When the Academy Award-winning director Guillermo del Toro was a boy growing up in Guadalajara, his mother bought him a Victorian-style writing desk. “I kept my comic books in the drawers, my books and horror action figures on the shelves, and my writing and drawing stuff on the desk,” Del Toro recalled in a 2016 profile. “I guess that was the first, smallest version of my collection.”

As the director began to find success as an adult with his beautifully imagined, macabre fantasies, like Hellboy, Pan’s Labyrinth and Nightmare Alley, he was able to indulge his collecting instinct more seriously, amassing “a vast physical collection of strange and wonderful memorabilia.” Eventually, Del Toro’s objects became too much to manage.

As he explained in an NPR interview:

“We were living in a three-bedroom house and I magically had occupied four spaces. So it came to a point where the collection was much bigger than the family life. I was hanging up a picture, a really creepy painting by Richard Corben. My wife says, ‘That’s too close to the kitchen, the kids are gonna be freaked out.'”

So Del Toro took the natural next step: he bought a second house in the same neighborhood. His plan was to use the new residence to organize and store his growing collection and provide a quiet place for him to work.
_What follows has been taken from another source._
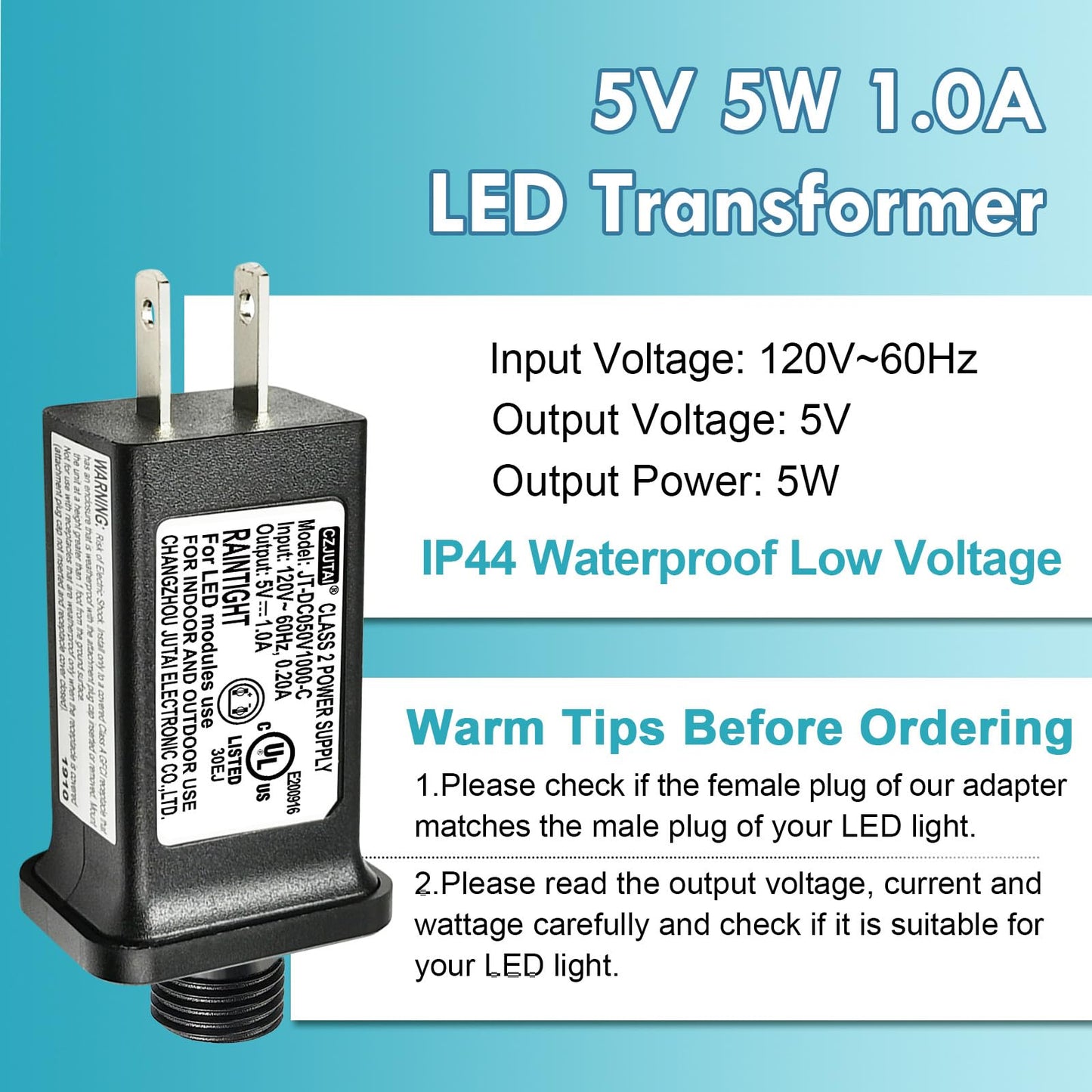 CZJUTAI JT-DC050V1000 Premium 5V 1A 5W LED Power Supply - Class 2 Transformer, IP44 Waterproof, US Plug for Christmas and String Lights, Indoor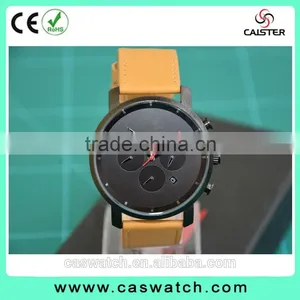 Luxury Stainless Steel Chronograph Men's Watch, Fancy High Quality Leather Watch, Japan Movement Water Resistant Watch thumbnail-1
As an homage to Charles Dickens, he called it Bleak House.

By 2016, Bleak House contained over 10,000 items, including artwork, sculptures, artifacts and movies. It also featured thirteen different reference libraries. Housed in a room dedicated to a haunted mansion theme, for example, are Del Toro’s books on mythology, folklore, and fairy tales. The screening room boasts over 7,000 DVDs. One space includes a simulated rain storm that pours outside a fake window. This latter location is one of Del Toro’s favorite places to write.

What interests me about this story is less its eccentricity than its pragmatism.  As Del Toro explained in a video tour of the house, he was inspired by the original research library built at Disney Studios, and in particular, its philosophy that “when you create a group of extraordinary artists, you should definitely feed their imagination with all sorts of images.”

Del Toro designed Bleak House to fuel the creativity on which his career depends. “It’s here to try to provoke a sort of a shock to the system,” he said, “and aid in circulation of the lifeblood of imagination, which is curiosity.”

Truly deep work — the type that redefines genres — is truly hard. In such efforts, our brain needs all the help it can get.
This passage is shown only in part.